[Python-Dev] Re: Pass the Python thread state to internal C functions

2019-11-14 Thread Victor Stinner
Le jeu. 14 nov. 2019 à 04:55, Larry Hastings  a écrit :
> I'm pretty sure you understand the sentence "Pulling it out of TLS was too 
> slow".  At the time CPython used the POSIX APIs for accessing thread local 
> storage, and I didn't know about and therefore did not try this "__thread" 
> GCC extension.  I do remember trying some other API that was purported to be 
> faster--maybe a GCC library function for faster TLS access?--but I didn't get 
> that to work either before I gave up on it out of frustration.

I asked for confirmation, since I was surprised. But when I looked at
assembly with my friend, we played with __thread not with
pthread_getspecific().

So thanks for confirming that "getting tstate" can be a performance
bottleneck: that's a very good reason to pass it explicitly.
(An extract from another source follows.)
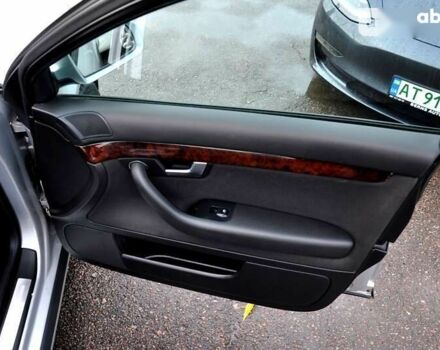 Ауди А4, объемом двигателя 2 л и пробегом 300 тыс. км за 6600 $, фото 13 на Automoto.ua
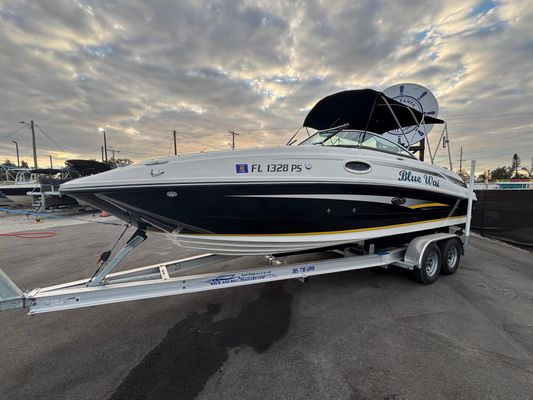 Sea-ray 260-SUNDECK - main image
> I also took the opportunity to pass my "reference count manager" data as a 
> separate parameter, which again was per-thread and again was a major win at 
> the time.

Another approach would be to pass a "PyContext*" pointer which
contains tstate, but also additional fields. But I chose to state with
a direct "PyThreadState* tstate" to avoid one indirection to every
tstate access. Currently, tstate seems to be enough for the current
code base.

Victor
-- 
Night gathers, and now my watch begins. It shall not end until my death.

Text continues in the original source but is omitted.